The objective is to find the parameter vector θ that minimizes the squared error. By taking the derivative of this error function with respect to the parameters and setting it to zero, we arrive at the closed-form solution.
The Drawback
However, the beauty of the closed-form solution comes with a major drawback. The solution requires a matrix inversion step. For small datasets, this is not a problem, but as the amount of data grows, this computation becomes extremely expensive and can be a significant practical bottleneck. This limitation is the primary reason why alternative methods, such as iterative approaches like Stochastic Gradient Descent, are needed for large-scale machine learning problems.

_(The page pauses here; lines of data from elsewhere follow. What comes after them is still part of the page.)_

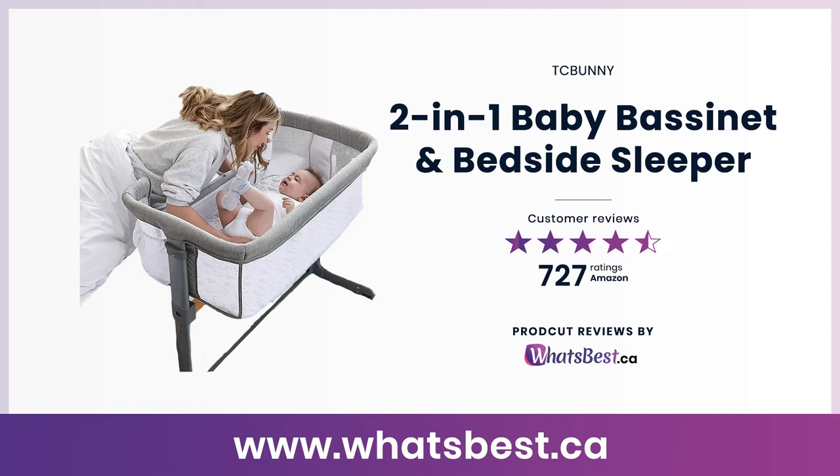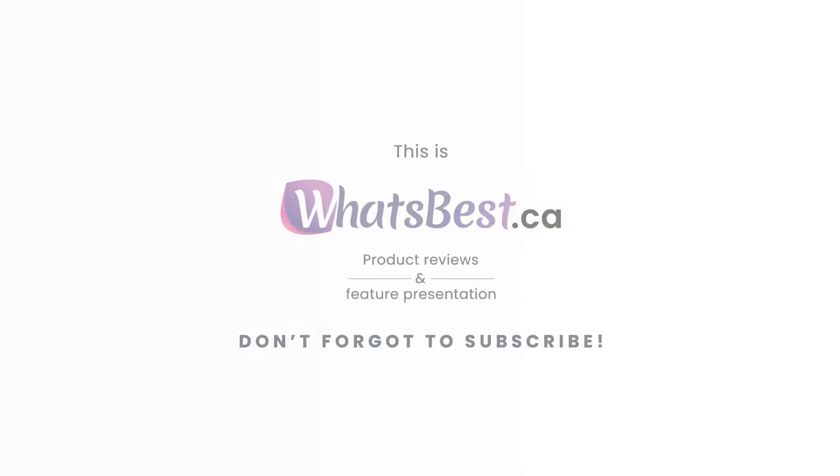Today we are giving you a closer look at the 2-inch minus 1 baby bassinet and bedside sleeper from TC Bunny. This is whatsbest.ca product reviews and features presentation.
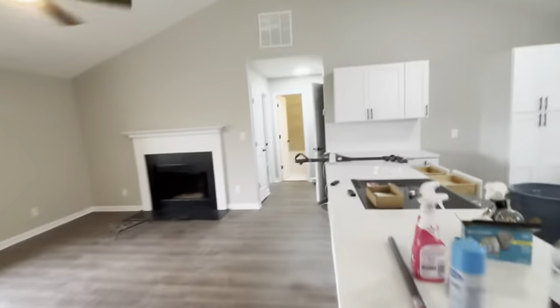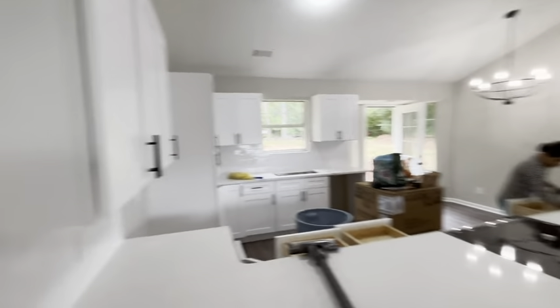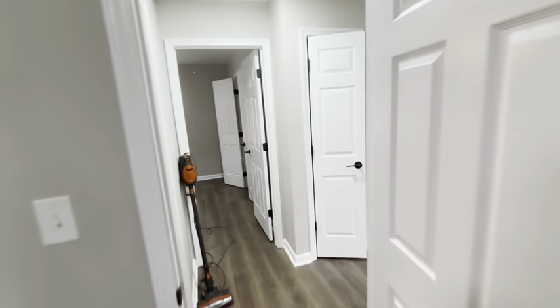We got our kitchen done — white subway tile backsplash, pretty basic you know. Got a vacuum on right now so that's probably not gonna sound great. Got our fan up in the living room.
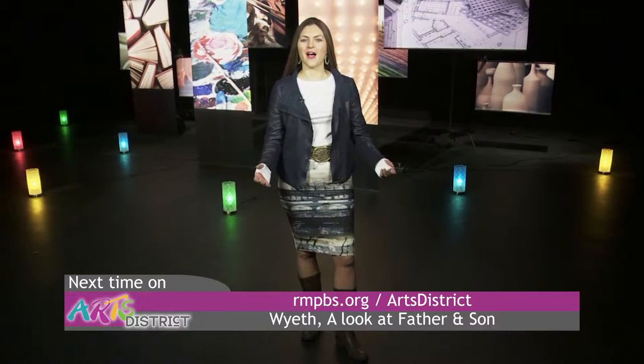Here's what you'll see on the next Arts District: two generations of painters on display in Wyeth at the Denver Art Museum.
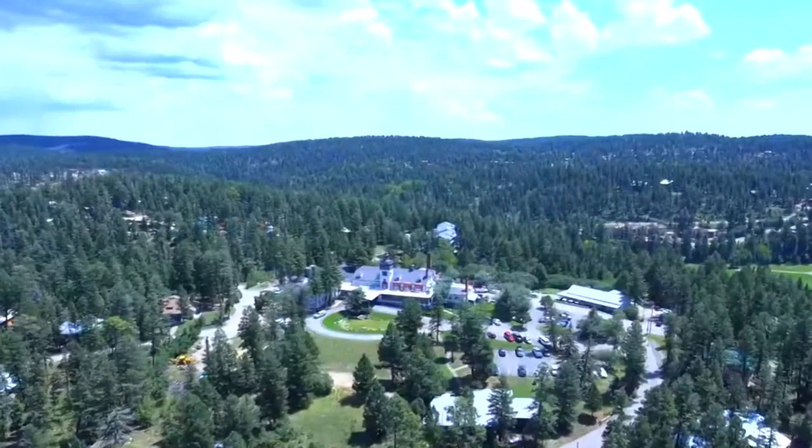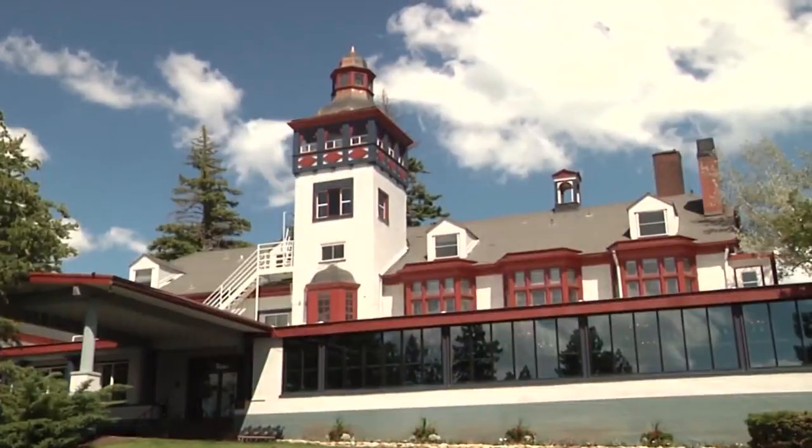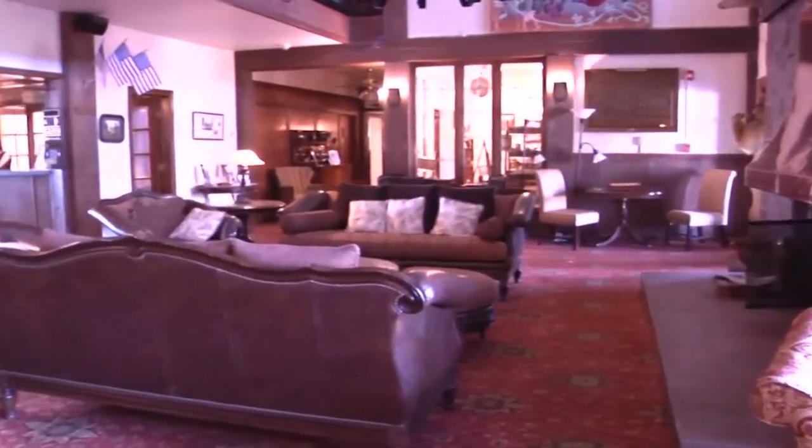The premier attraction in a New Mexico mountain town is being restored to its former glory. News 13's Brittany Bade shows you the updated Lodge at Cloudcroft. It's lost its glamour and its shine. When the Duncan family bought the historic Lodge at Cloudcroft six years ago, they knew there was a lot of work to do.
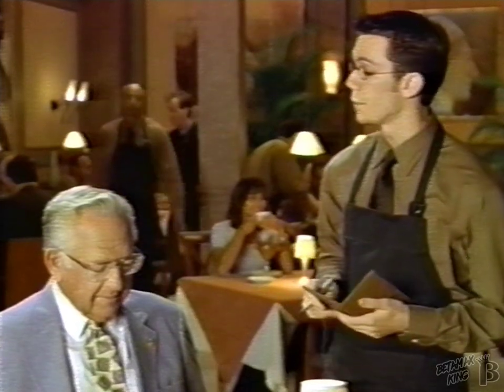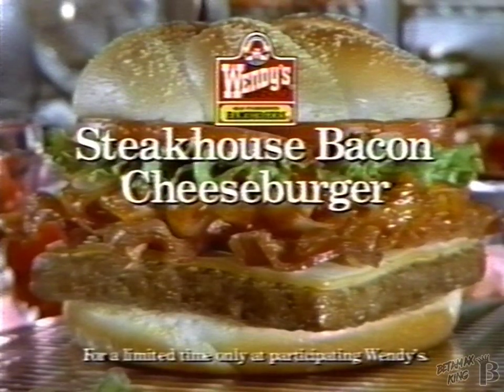And finally, a warm lobster cappuccino. Lobster cappuccino? I hear it. I just don't believe it. Wendy's new Steakhouse Bacon Cheeseburger. Dig in.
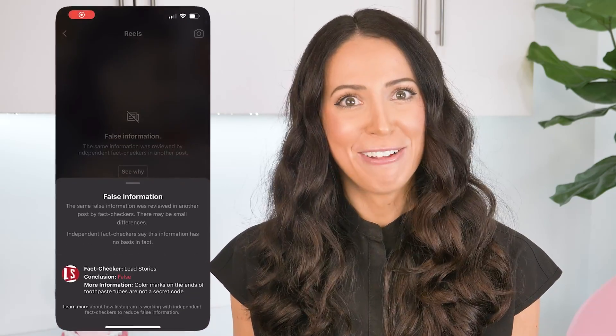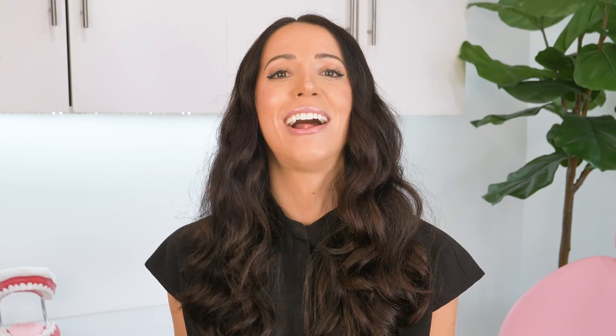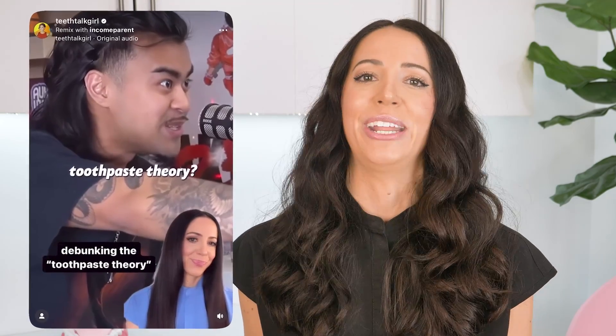I did a reaction remix on Instagram to this video and Instagram flagged my video as false information because of the original video attached to it. They didn't look into the fact that I was debunking it, that I was saying it was false information. So they blurred my video. It's pretty ironic that my video was trying to explain how that video was false, and my video got censored because the false information was attached to it.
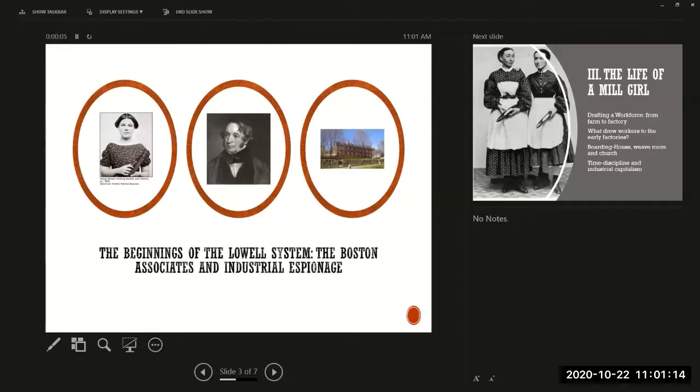I talked about the market revolution, and you understand why it is that Americans would want to make their own cloth. They didn't want to have to be dependent on British imported textiles. But there was no such technology in the United States, so in 1810 a young man by the name of Francis Cabot Lowell went on a trip to Britain, pretending that he was just interested in cotton mills, and he memorized as much of the machinery as he possibly could. He was, in a sense, one of the first industrial spies.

The Solution: Stochastic Gradient Descent (SGD)
Unlike OLS, Stochastic Gradient Descent (SGD) is an iterative method that finds the solution by taking many small, incremental steps. Instead of solving for parameters directly, it starts with an initial guess and continuously updates the parameters to minimize a loss function, typically the Mean Squared Error (MSE).

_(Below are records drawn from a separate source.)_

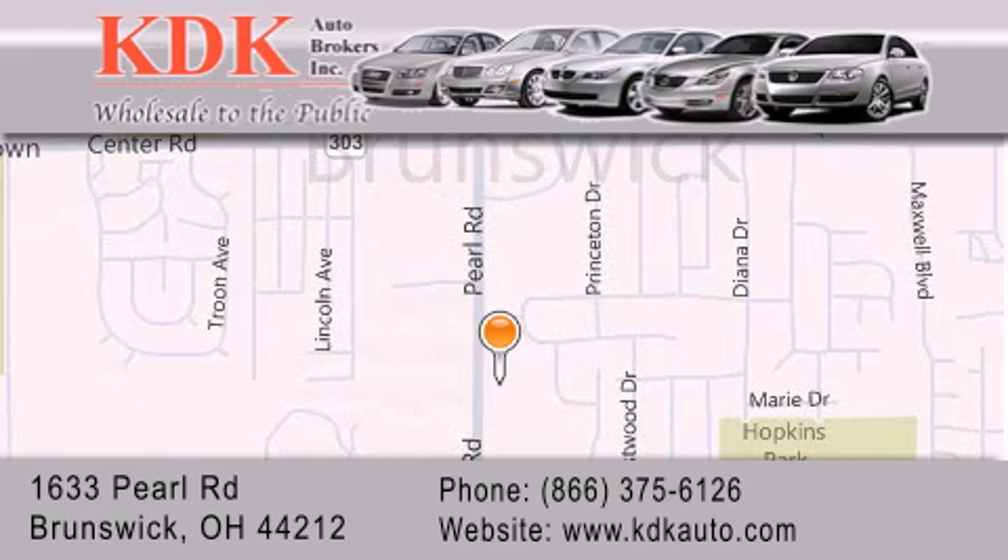We are conveniently located at 1633 Pearl Road, just one-half miles south of Route 303, minutes off I-71. We look forward to serving you.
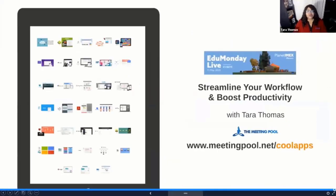So with that, my friends, that is your quick look at how you can streamline your workflow and boost productivity — both with technology tools and with simple tools like pen and paper. Once again, you can see many of these applications at meetingpool.net/coolapps. I'm Tara Thomas. Thank you for joining me. Have a great day.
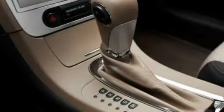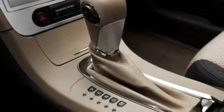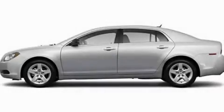With an EPA estimated rating of 33 miles per gallon on the highway, this vehicle is clearly a fuel-efficient choice. Call or visit us right now and arrange your test drive today.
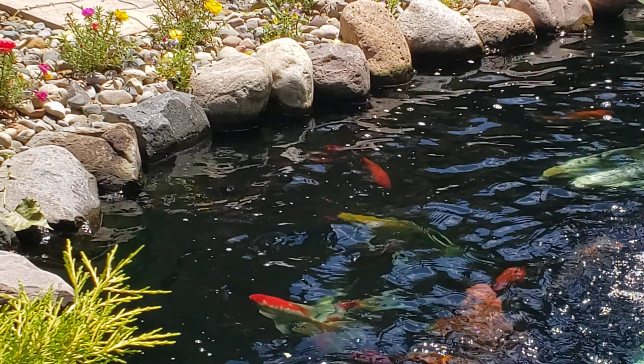I thought I'd give you guys a quick demonstration as to what you can do even if your koi don't notice you're pond-side. They're pigs — they're absolute pigs.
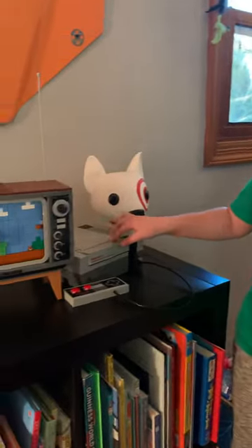Hi, my name is Jack. Today I'm going to be showing you a few of my favorite Legos, starting out here with the Nintendo.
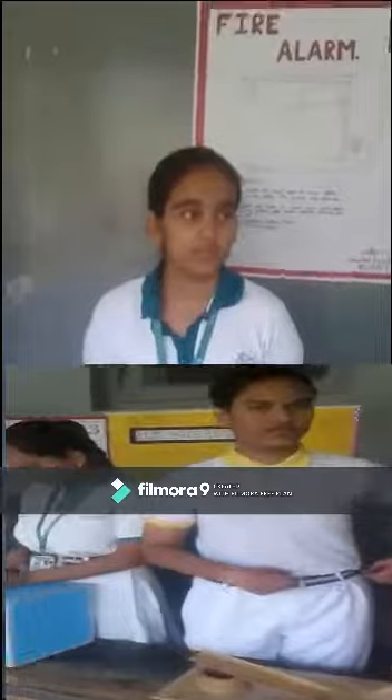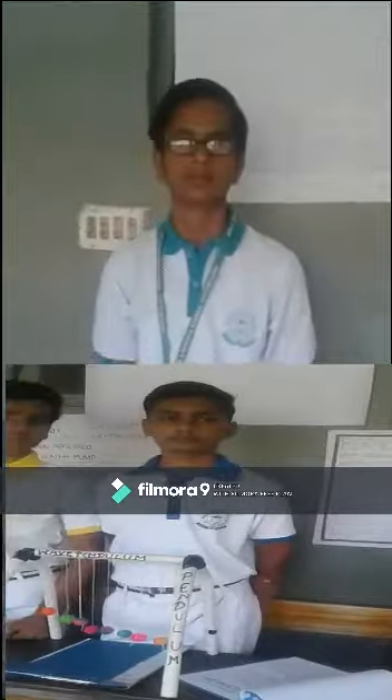There is art of life hidden in science, and science hidden in every art of life. Integration of arts and science in our co-curricular activities is proving to be a catalyst in achieving our educational goals.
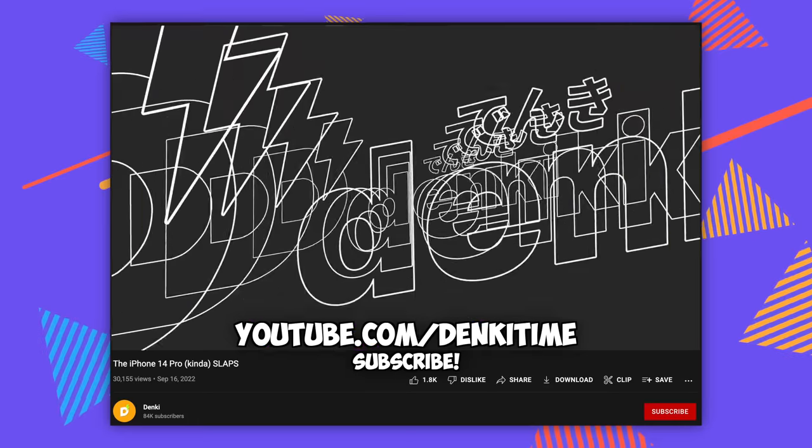Let's talk about this from the perspective — this is not a review. YouTube.com slash MKBHD exists, as does Denki. Both are great videos on the iPhone 14 Pro. But for this video, it's more just like what our experiences have been.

A toy example for practicing by hand to learn SGD with a smaller learning rate of 0.01 for better understanding:
Initial Setup:
Data table:
| Income(X) | Price(y) |
|---|---|
| 2 | 4 |
| 4 | 6 |
Points: (2,4) and (4,6)
Initial θ = [1, 1]
MSE = 1.0
Iteration 1 (learning rate = 0.01):
Gradient = -[1, 3]
New θ = [1,1] – 0.01×[-1,-3] = [1.01, 1.03]
Predictions: 3.07, 5.13
Errors: -0.93, -0.87
MSE = (0.8649 + 0.7569)/2 ≈ 0.811
Iteration 2:
θ = [1.01, 1.03]
Gradient = -[-0.8, -1.54]/2 = [0.4, 0.77]
New θ = [1.01,1.03] – 0.01×[0.4,0.77] = [1.006, 1.0223]

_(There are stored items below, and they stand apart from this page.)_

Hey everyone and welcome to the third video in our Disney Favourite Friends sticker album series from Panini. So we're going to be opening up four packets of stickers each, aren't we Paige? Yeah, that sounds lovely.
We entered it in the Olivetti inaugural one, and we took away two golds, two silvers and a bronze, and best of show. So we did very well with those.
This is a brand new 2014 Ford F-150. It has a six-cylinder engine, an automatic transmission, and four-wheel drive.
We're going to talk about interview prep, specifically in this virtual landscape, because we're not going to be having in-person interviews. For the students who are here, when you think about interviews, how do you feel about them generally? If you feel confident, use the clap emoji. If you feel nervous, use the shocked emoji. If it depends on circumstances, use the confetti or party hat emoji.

Predictions: 3.0506, 5.0952
Errors: -0.9494, -0.9048
MSE ≈ 0.857
Iteration 3:
θ = [1.006, 1.0223]
Gradient = -[-0.8542, -1.6186]/2 = [0.4271, 0.8093]
New θ = [1.006,1.0223] – 0.01×[0.4271,0.8093] = [1.0017, 1.0142]
Predictions: 3.0301, 5.0595
Errors: -0.9699, -0.9405
MSE ≈ 0.913
Observation: The MSE is increasing, which suggests the learning rate might still be too large. Let’s try an even smaller learning rate of 0.001. With learning rate = 0.001:
Iteration 1:
New θ = [1,1] – 0.001×[-1,-3] = [1.001, 1.003]
Predictions: 3.007, 5.013
Errors: -0.993, -0.987
MSE ≈ 0.981
Iteration 2:
Gradient = -[-0.98, -1.94]/2 = [0.49, 0.97]
New θ = [1.001,1.003] – 0.001×[0.49,0.97] = [1.00051, 1.00203]
Predictions: 3.00457, 5.00863
Errors: -0.99543, -0.99137
MSE ≈ 0.983
Iteration 3:
Gradient = -[-0.9868, -1.9606]/2 = [0.4934, 0.9803]
New θ = [1.00051,1.00203] – 0.001×[0.4934,0.9803] = [1.0000166, 1.0010497]
Predictions: 3.002116, 5.0042158
Errors: -0.997884, -0.9957842
MSE ≈ 0.995
Key Takeaways:
- The learning rate significantly impacts convergence
- A smaller learning rate (0.001) provides more stable updates
- The error decreases gradually with a smaller learning rate
- More iterations would be needed to reach the optimal solution
Refining the Process: Advanced Techniques
To make the training process even more efficient, advanced techniques are often used. Early stopping halts the training when the model’s performance on a separate validation set stops improving, which prevents overfitting and saves computational time. Additionally, learning rate back-off automatically reduces the learning rate when the model’s performance plateaus, allowing it to take smaller, more precise steps as it fine-tunes the parameters near the minimum.
In conclusion, while OLS offers a fast, guaranteed solution for small datasets, it can’t handle the scale of modern machine learning problems. SGD is a more versatile, memory-efficient, and computationally cheaper approach that makes linear regression feasible for massive datasets.